This is a draft document that was built and uploaded automatically. It may document beta software and be incomplete or even incorrect. Use this document at your own risk.

Jump to contentJump to page navigation: previous page [access key p]/next page [access key n]
SUSE Telco Cloud Documentation|Telco features configuration|SR-IOV

39 SR-IOV

SR-IOV (Single Root I/O Virtualization) allows a single physical device, such as a network adapter, to separate its resources across multiple PCIe hardware functions. This enables direct resource access for various applications.

We provide two distinct methods for deploying SR-IOV in your cluster:

In rare cases where you need both solutions - using the Network Operator for network devices and the Device Plugin for vRAN Accelerators - you must deploy them into separate Kubernetes namespaces. This separation is essential to prevent conflicts between two deployments.

39.1 Option 1: SR-IOV Network Device Plugin Daemonset and configMap

SR-IOV Network Device Plugin discovers and advertises network resources, such as PCI physical functions (PFs), and their virtual functions (VFs), on a Kubernetes host.

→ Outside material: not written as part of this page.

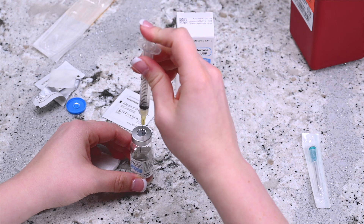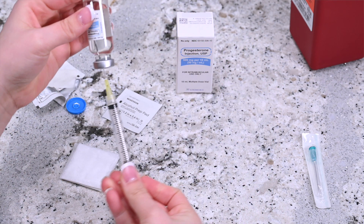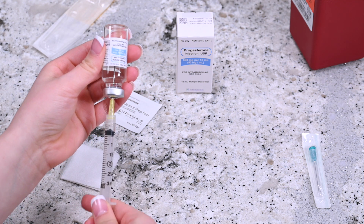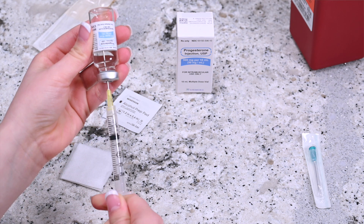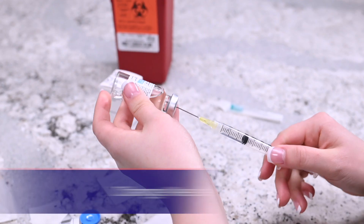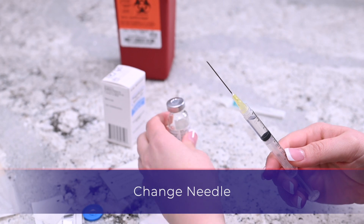Invert the syringe so that the vial is upside down but still attached to the syringe. Pull the plunger until the correct dosage of medicine enters the syringe. Take the needle out of the vial and replace the cap.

  • Prepare the config map for the device plugin

We need to create a config map that defines SR-IOV resource pools. Run lspci command to retrieve the information:

$ lspci | grep -i acc
07:00.0 Processing accelerators: Intel Corporation Device 57c2
07:00.1 Processing accelerators: Intel Corporation Device 57c3
07:00.2 Processing accelerators: Intel Corporation Device 57c3
07:00.3 Processing accelerators: Intel Corporation Device 57c3
07:00.4 Processing accelerators: Intel Corporation Device 57c3
07:00.5 Processing accelerators: Intel Corporation Device 57c3
07:00.6 Processing accelerators: Intel Corporation Device 57c3
07:00.7 Processing accelerators: Intel Corporation Device 57c3
07:01.0 Processing accelerators: Intel Corporation Device 57c3
07:01.1 Processing accelerators: Intel Corporation Device 57c3
07:01.2 Processing accelerators: Intel Corporation Device 57c3
07:01.3 Processing accelerators: Intel Corporation Device 57c3
07:01.4 Processing accelerators: Intel Corporation Device 57c3
07:01.5 Processing accelerators: Intel Corporation Device 57c3
07:01.6 Processing accelerators: Intel Corporation Device 57c3
07:01.7 Processing accelerators: Intel Corporation Device 57c3
07:02.0 Processing accelerators: Intel Corporation Device 57c3
0a:00.0 Processing accelerators: Intel Corporation Device 57c2

$ lspci | grep -i net
19:00.0 Ethernet controller: Broadcom Inc. and subsidiaries BCM57504 NetXtreme-E 10Gb/25Gb/40Gb/50Gb/100Gb/200Gb Ethernet (rev 11)
19:00.1 Ethernet controller: Broadcom Inc. and subsidiaries BCM57504 NetXtreme-E 10Gb/25Gb/40Gb/50Gb/100Gb/200Gb Ethernet (rev 11)
19:00.2 Ethernet controller: Broadcom Inc. and subsidiaries BCM57504 NetXtreme-E 10Gb/25Gb/40Gb/50Gb/100Gb/200Gb Ethernet (rev 11)
19:00.3 Ethernet controller: Broadcom Inc. and subsidiaries BCM57504 NetXtreme-E 10Gb/25Gb/40Gb/50Gb/100Gb/200Gb Ethernet (rev 11)
51:00.0 Ethernet controller: Intel Corporation Ethernet Controller E810-C for QSFP (rev 02)
51:00.1 Ethernet controller: Intel Corporation Ethernet Controller E810-C for QSFP (rev 02)
51:01.0 Ethernet controller: Intel Corporation Ethernet Adaptive Virtual Function (rev 02)
51:01.1 Ethernet controller: Intel Corporation Ethernet Adaptive Virtual Function (rev 02)
51:01.2 Ethernet controller: Intel Corporation Ethernet Adaptive Virtual Function (rev 02)
51:01.3 Ethernet controller: Intel Corporation Ethernet Adaptive Virtual Function (rev 02)
51:11.0 Ethernet controller: Intel Corporation Ethernet Adaptive Virtual Function (rev 02)
51:11.1 Ethernet controller: Intel Corporation Ethernet Adaptive Virtual Function (rev 02)
51:11.2 Ethernet controller: Intel Corporation Ethernet Adaptive Virtual Function (rev 02)
51:11.3 Ethernet controller: Intel Corporation Ethernet Adaptive Virtual Function (rev 02)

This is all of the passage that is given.